- Instructions for the task -
What you should end up with is an exact copy of the lines from the one holding "Woman wearing Burgundy" through the last line of the entries below, both included, and nothing else; leave every picture out.

Short text fragments from websites
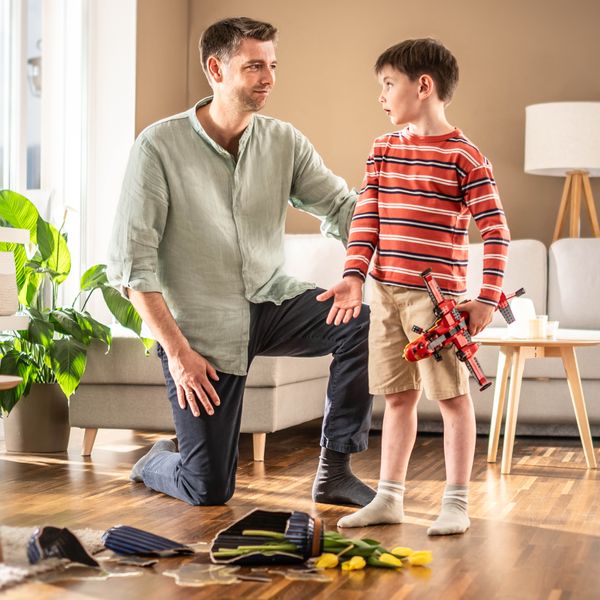 A father patiently listening to his young son as the boy explains how he accidentally broke a flower vase while playing with a toy plane.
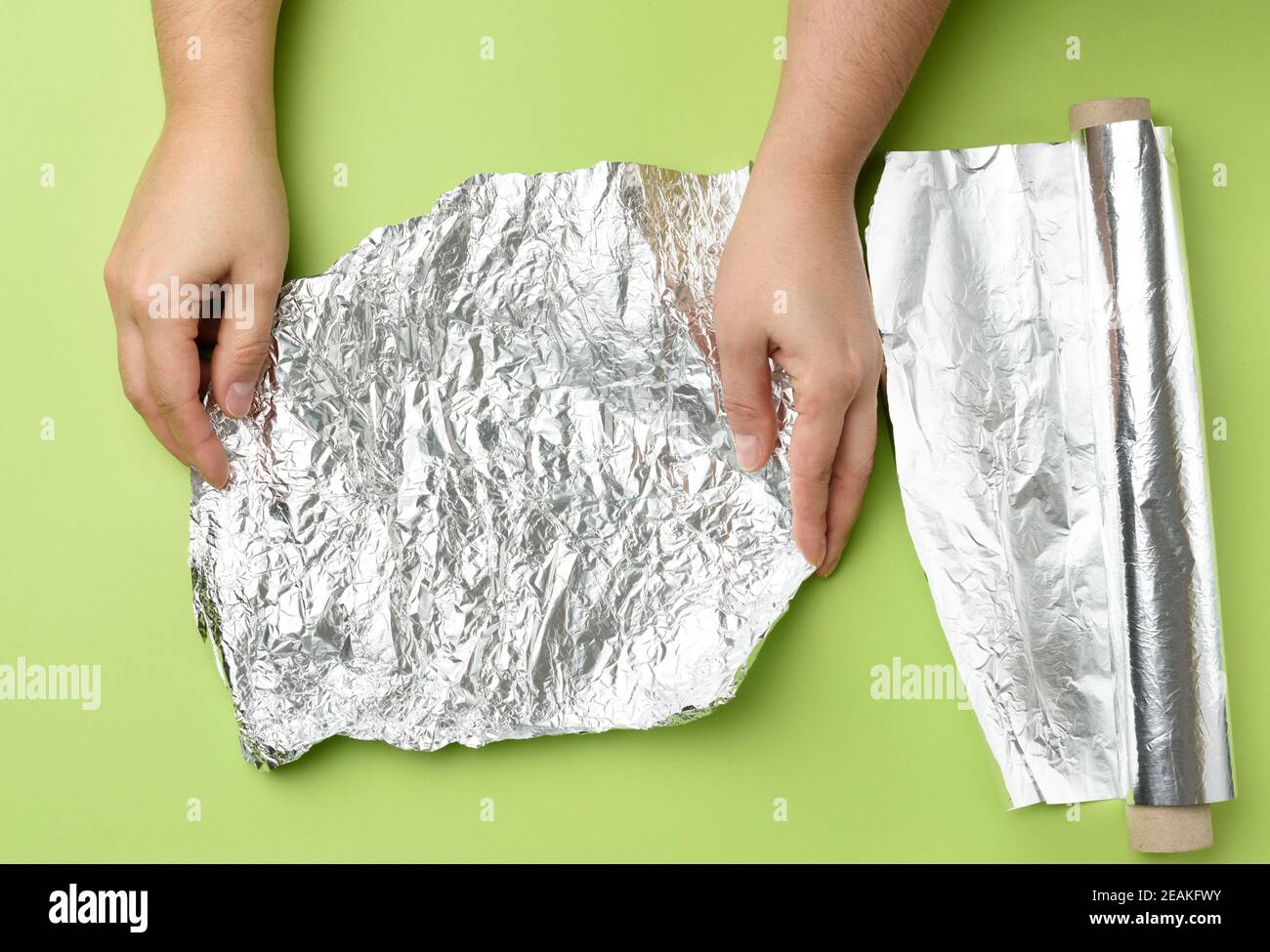 due mani femminili trattengono il foglio d'argento sminuzzato su un verde sfondo Foto Stock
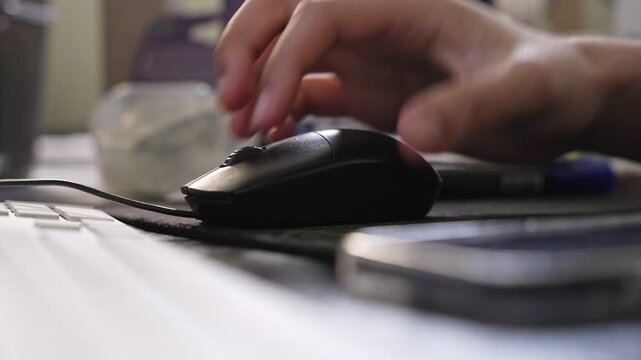 a hand using a wired computer mouse on a desk in a bright office. Features a white keyboard, shallow depth of field, and a professional workspace setting for technology themes.
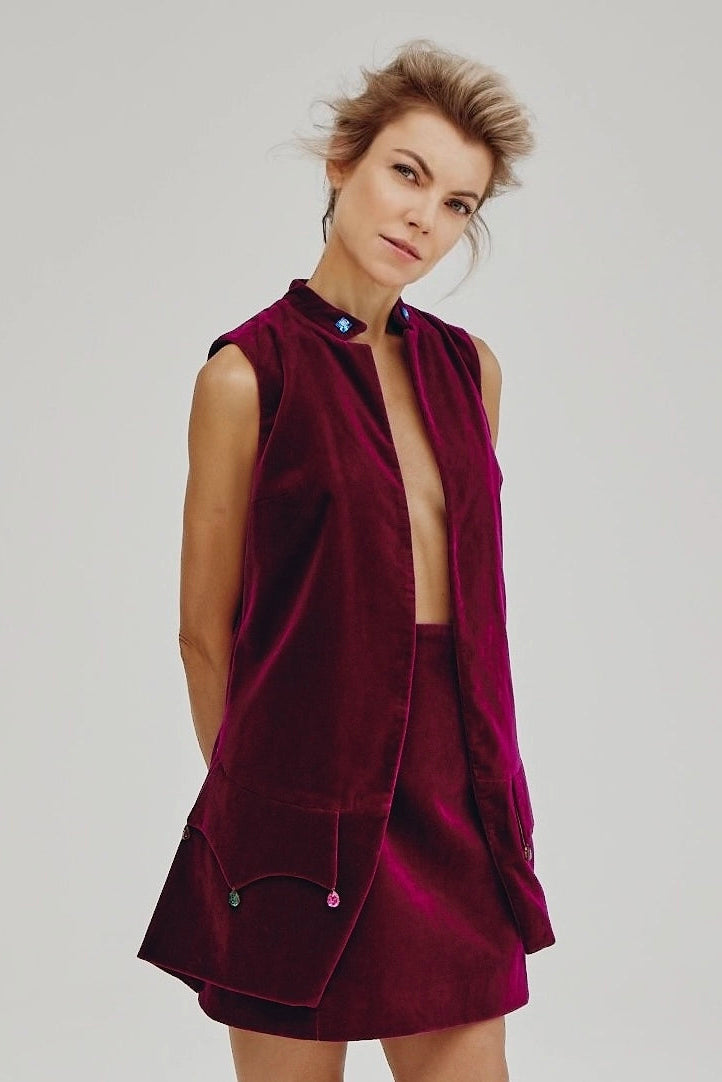Woman wearing Burgundy Icon Skirt from Mimaussy Paris, angled front view in studio setting against a plain white background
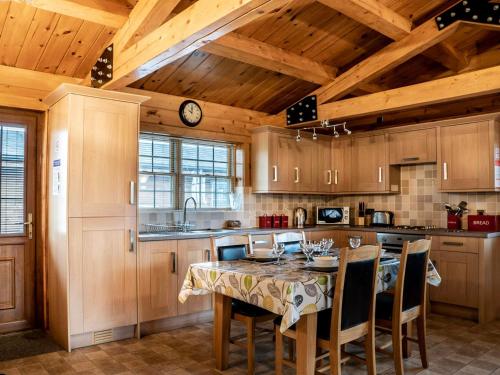 uma cozinha com uma mesa e cadeiras e tectos em madeira em Lake View Lodges - 25073 em Leake Common Side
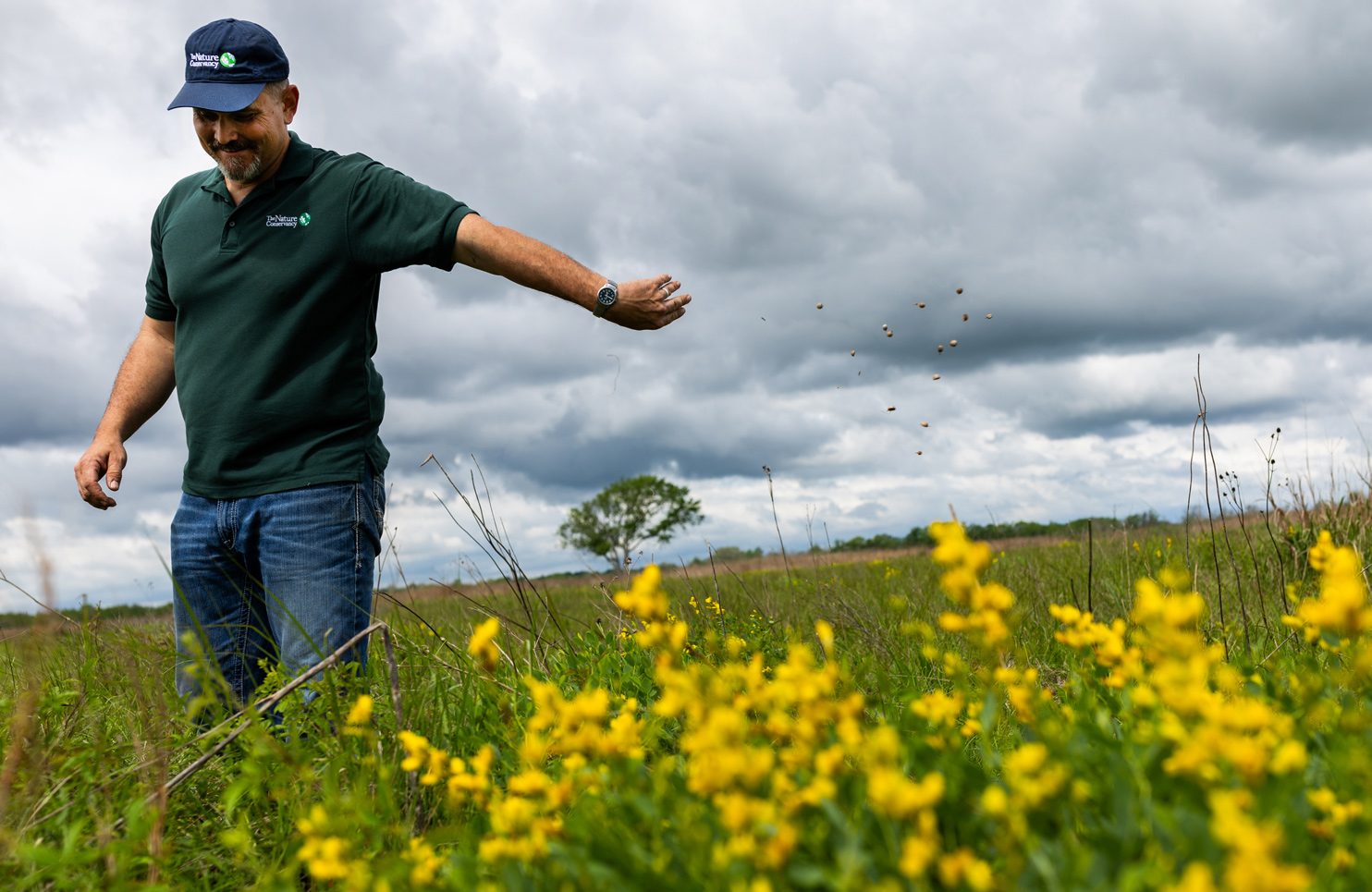 The Nature Conservancy coastal grasslands steward Calan Coleman, 38, throws seeds on the Nash Prairie during a tour of the 427-acre coastal prairie about 70 miles southwest of Houston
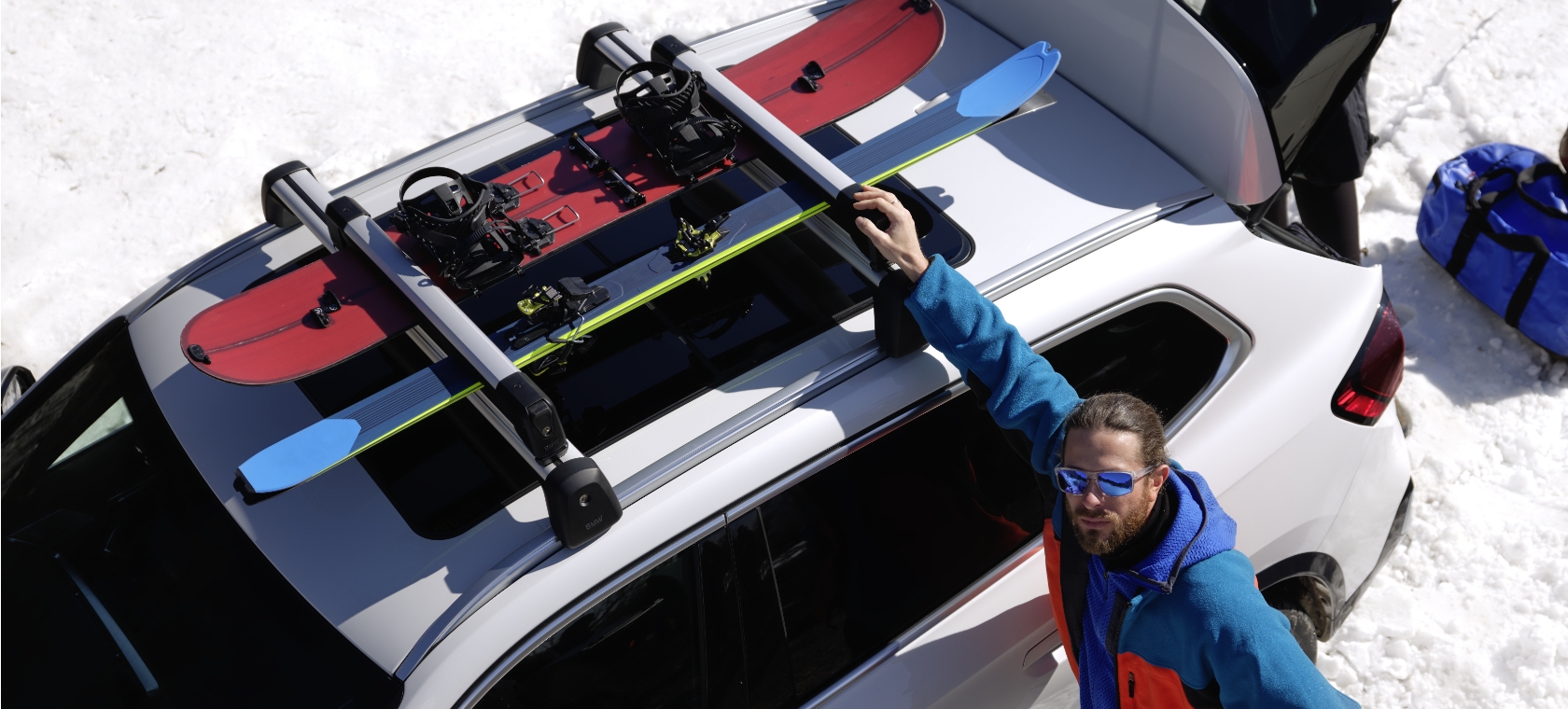 Original BMW Service and Accessories for autumn and winter Man with ski's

- Result -
Woman wearing Burgundy Icon Skirt from Mimaussy Paris, angled front view in studio setting against a plain white background
 uma cozinha com uma mesa e cadeiras e tectos em madeira em Lake View Lodges - 25073 em Leake Common Side
 The Nature Conservancy coastal grasslands steward Calan Coleman, 38, throws seeds on the Nash Prairie during a tour of the 427-acre coastal prairie about 70 miles southwest of Houston
 Original BMW Service and Accessories for autumn and winter Man with ski's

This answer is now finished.